Jon Campisi Aug. 8, 2013, 1:23pm


Philadelphia’s top prosecutor stands accused of copyright infringement in a civil action

filed late last month in federal court by a city-based photographer.

R. Bradley Maule, individually and on behalf of his company, PhillySkyline.com, filed suit July 31 against Philadelphia District Attorney Seth Williams over allegations that Williams used a copyrighted photo taken by the plaintiff as a backdrop on the defendant’s Twitter webpage.

Maule, who calls himself a “well-known and highly respected Philadelphia photographer” whose talents documenting the city’s neighborhoods, people, culture, and architecture, has made him a go-to source for a variety of Philadelphia media, claims that Williams unlawfully reproduced a photo of the Philly skyline that Maule took from a city high-rise in the spring of 2005.

The photo, which the plaintiff posted to his website, phillyskyline.com, days after the image was taken, was discovered in the background of the district attorney’s Twitter page in early April of this year, according to the complaint.

Later that month, Maule mentioned the unlawful reproduction of his panoramic photograph in an interview he gave to the local news and gossip website Philebrity.com, but nothing was done to address the situation on Williams’ end, the suit alleges.

The suit goes on to state that during Primary Election Day this past May, the plaintiff, while having lunch at a Philadelphia delicatessen with his lawyer, J. Conor Corcoran, ran into Williams, at which time Corcoran informed Williams that the defendant had been using Maule’s photo on the district attorney’s Twitter page.

Corcoran, the suit says, told Williams that he was unsure “who to ask to prosecute you for theft!,” according to the civil action.

Maule then explained to Williams, “in an absolutely friendly and respectful tone and manner,” that Williams had been using the plaintiff’s photo without permission.

Williams then allegedly flat-out denied using Maule’s photograph.

Corcoran phoned Williams at the D.A.’s Office late last month to remind him of the continued unauthorized use of his client’s photograph, after which Williams informed Corcoran that the image had been taken down from the Twitter page.

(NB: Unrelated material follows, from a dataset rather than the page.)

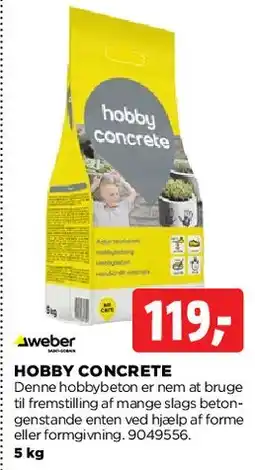 jem & fix Hobby Concrete tilbud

Days later, however, the photo was once again discovered to be on Williams’ Twitter page, the suit claims.

During another exchange between the two lawyers, Williams allegedly told Corcoran that any claim of copyright infringement in this regard was “silly [expletive],” the suit states, and the district attorney went on to suggest Maule might as well “go ahead and file this lawsuit for copyright infringement.”

The suit was eventually filed on July 31 at U.S. District Court.

“The Defendant intentionally stole the Plaintiff’s photo and/or intentionally maintained it on his Twitter webpage, as Defendant was notified of the theft on at least one occasion by the Plaintiff himself at Famous 4th Street [Deli], as aforementioned, and the Defendant nonetheless continued to use Plaintiff’s photograph without permission,” the lawsuit reads.

The suit then goes on to state that “at best, the District Attorney of Philadelphia has no idea how to use a computer, a smartphone, a Twitter account and/or a Twitter webpage.

“At worst,” the suit continues, “the Defendant lied and/or misrepresented to the Plaintiff, on no less than three separate occasions … that he either did not have Plaintiff’s picture on Defendant’s Twitter webpage, or that he removed the Plaintiff’s photograph from his Twitter webpage.”

Williams, Maule claims, has intentionally and unlawfully stolen and reproduced the plaintiff’s photograph, which infringes on Maule’s copyright and ability to recoup profits and/or publicity from the image.

Maule never gave Williams consent or permission to use the photo, the suit claims.

Attached to the complaint is a screen grab showing a shot of the district attorney’s Twitter page with the plaintiff’s photo in the background.

Visible on the photo are words “Visit philly skyline dot com.”

Reached by email, Tasha Jamerson, a spokeswoman for the district attorney, said Williams continues to maintain that the plaintiff’s photo and the image used on the D.A.’s Twitter account are two different pictures.

Nevertheless, she said, Williams removed the photograph that was on his Twitter page from the site last week after he was contacted by the plaintiff’s attorney.

She had no further comment.

The complaint contains both federal and state law claims of copyright infringement.

Maule seeks declaratory relief that the district attorney engaged in unlawful conduct as well as monetary damages in excess of $150,000 and attorney’s fees.

The federal case number is 2:13-cv-04428-TJS.